Here are my picks in this week’s books of interest:

The Great Divergence

By Timothy Noah, Reviewed by Benjamin M. Friedman

Timothy Noah summarizes the causes of widening economic inequality in the United States, and offers policy recommendations for fixing it.

In “The Great Divergence,” the journalist Timothy Noah gives us as fair and comprehensive a summary as we are likely to get of what economists have learned about our growing inequality. Noah is concerned about why inequality has widened so markedly over the last three to four decades, what it means for American society and what the country can — and, he argues, urgently should — do about it. As he makes clear, what has mostly grown is the gap between those at the top and those in the middle. As a result, his book resonates more with the recent focus on “the 1 percent” than with more traditional concerns about poverty.

Land of Promise

By Michael Lind, Reviewed by David Leonhardt

An economic history of the United States.

Whatever their political party, American leaders have generally subscribed to one of two competing economic philosophies.
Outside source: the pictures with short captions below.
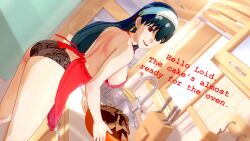 3d apron black_hair dialogue english_text looking_over_shoulder panties perfect_idiot spy_x_family yor_briar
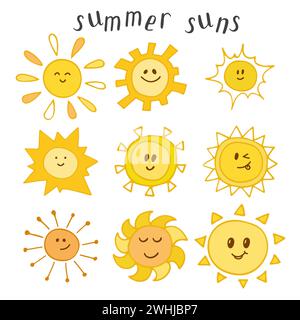Set of cute summer suns. Hand drawn smiley suns. Vector illustration Stock Vector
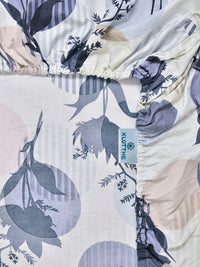 KLOTTHE White Floral Printed Dilengkapi 300TC Single Cadar Halus & 1 Sarung Bantal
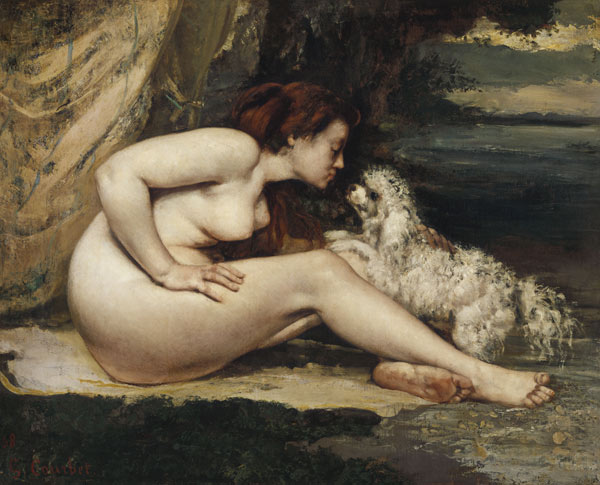 Femme nue au chien de Gustave Courbet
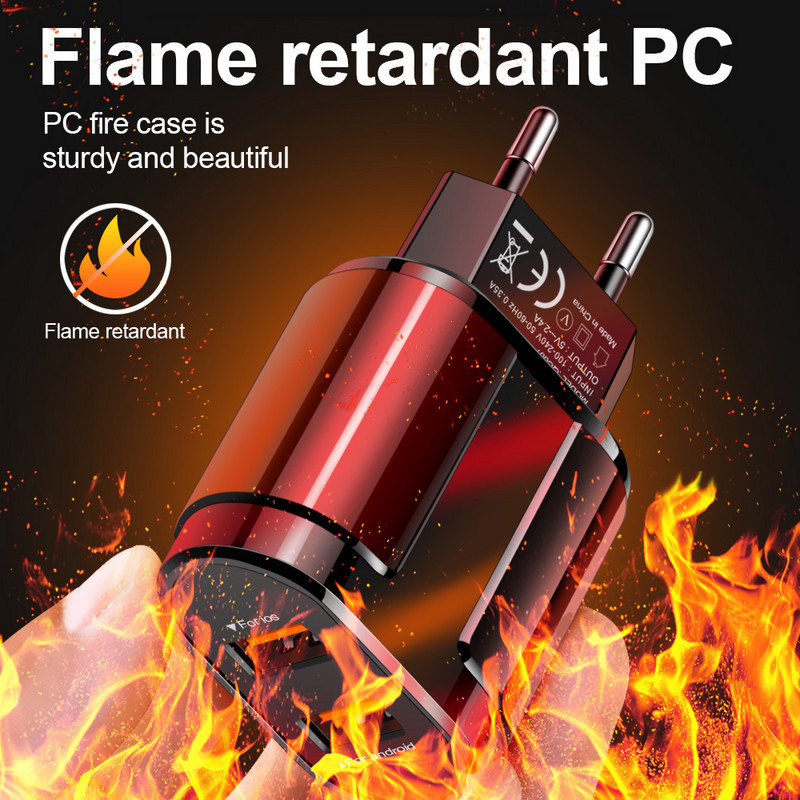 OLAF USB įkroviklis Dviejų prievadų EU 5V 2.4A Kelioninis sieninis adapteris Mobilusis Telefonas Mikro duomenų įkrovimas iPhone Samsung Xiaomi Huawei LG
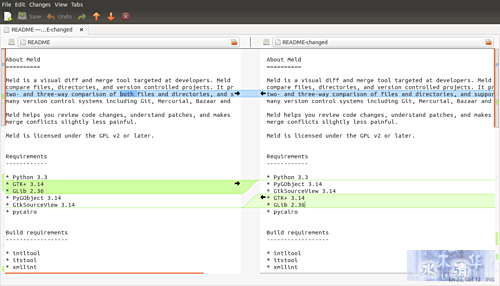 File changes visualized in Meld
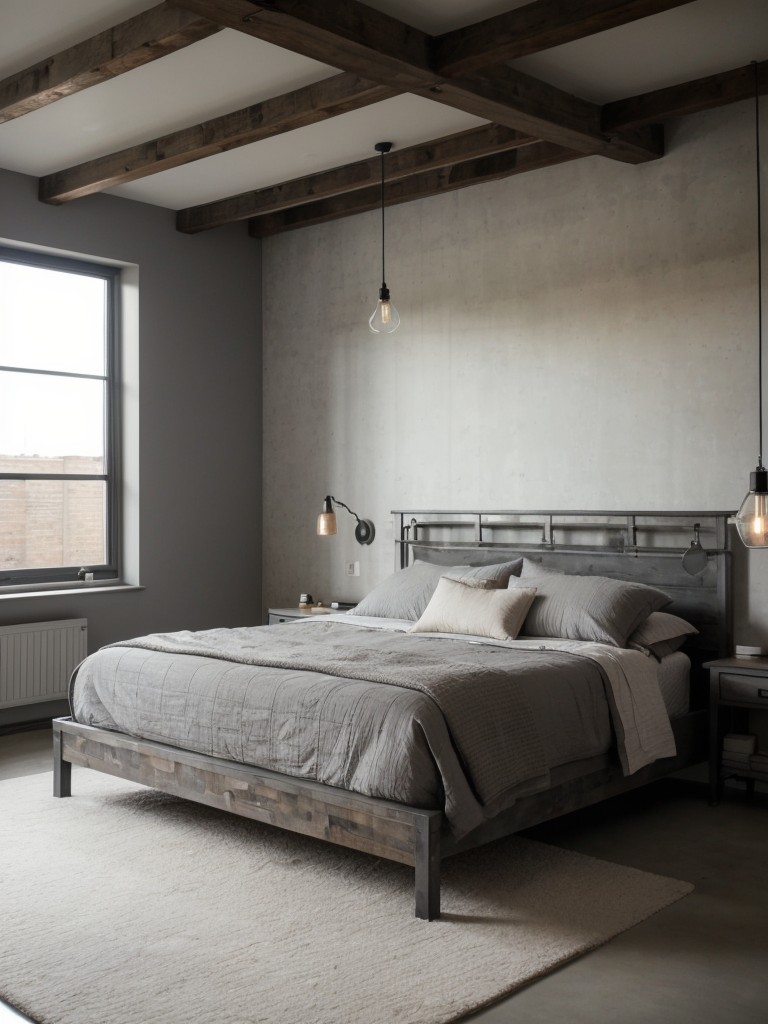 Cozy Loft Bedroom Vibes: Gray Decor, Open Shelves & Exposed Beams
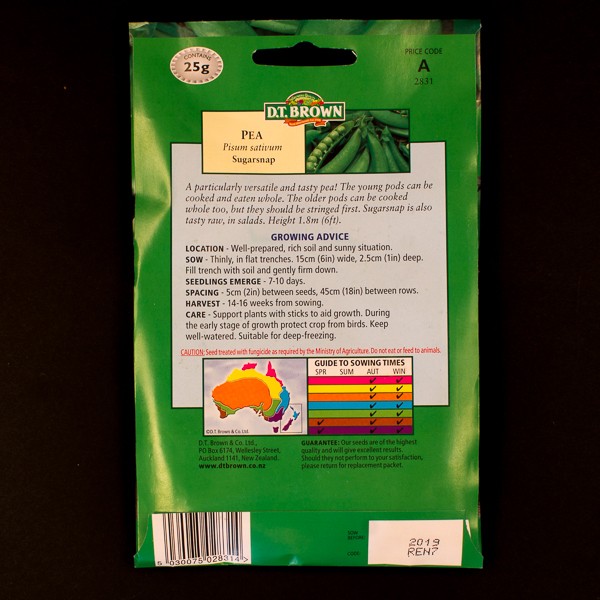 Seed Pea Sugarsnap 20g MFG2831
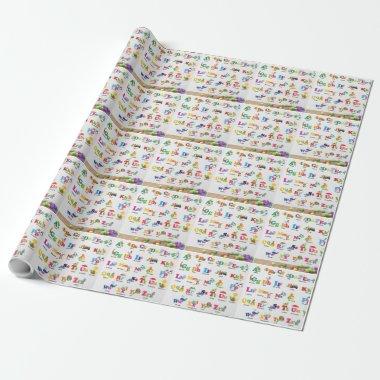 Kids gift wrapping paper with A to Z alphabet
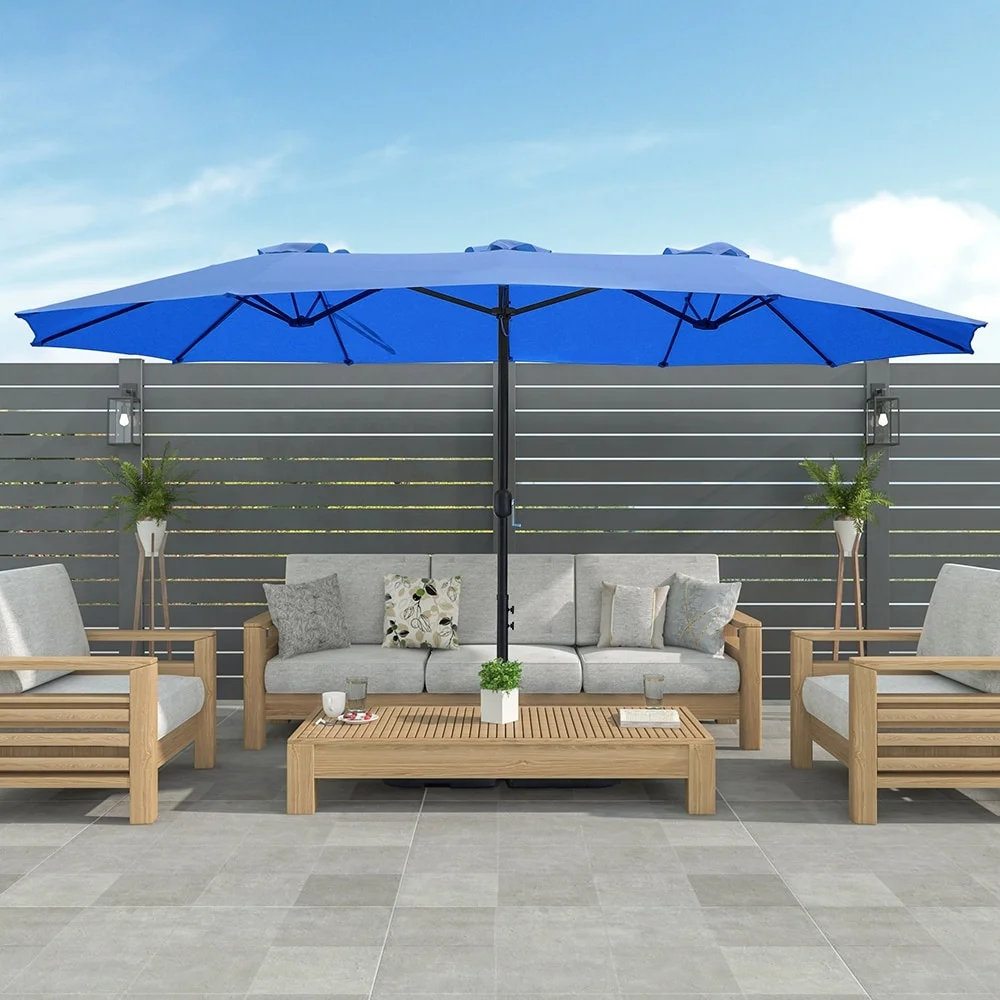 Abble 15x9 ft. Large Double Sided Rectangular Market Umbrella with Crank - Navy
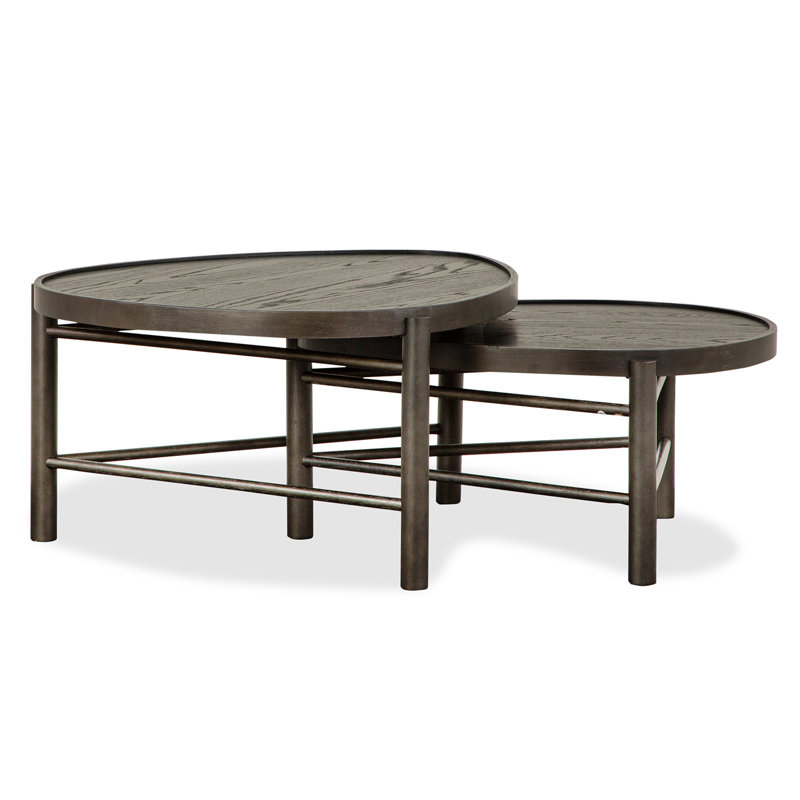 Scottville Shaped Nesting Cocktail Table With 2 Accent End Table, 4 Pieces: 2 Coffee Tables, 2 End Tables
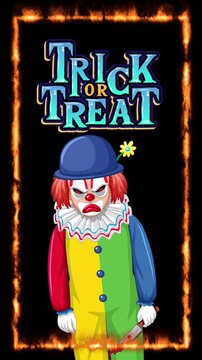Creepy Clown Holding Knife Inside Burning Frame Vertical Animation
One is a small-government Jeffersonian perspective that abhors bigness and holds that prosperity flows from competition among independent businessmen, farmers and other producers. The other is a Hamiltonian agenda that believes a large, powerful country needs large, powerful organizations. The most important of those organizations is the federal government … Michael Lind’s “Land of Promise” uses this divide to offer an ambitious economic history of the United States.

Those Who Have Borne the Battle

By James Wright, Reviewed by Andrew J. Bacevich

Despite the bumper stickers, the gap between soldier and civilian is wider than ever.

For James Wright, both ends of the arrangement — how we constitute our forces and how we honor those who serve — contain much that is unseemly and disconcerting. A public disengaged from military service has lost an important check on Washington’s inclination to use force, with the result that the troops professed to be held in high regard are repeatedly misused and abused. Meanwhile, the vacuous symbols like bumper stickers and pregame ceremonials that have supplanted substantive engagement between citizens and soldiers invite mockery and derision.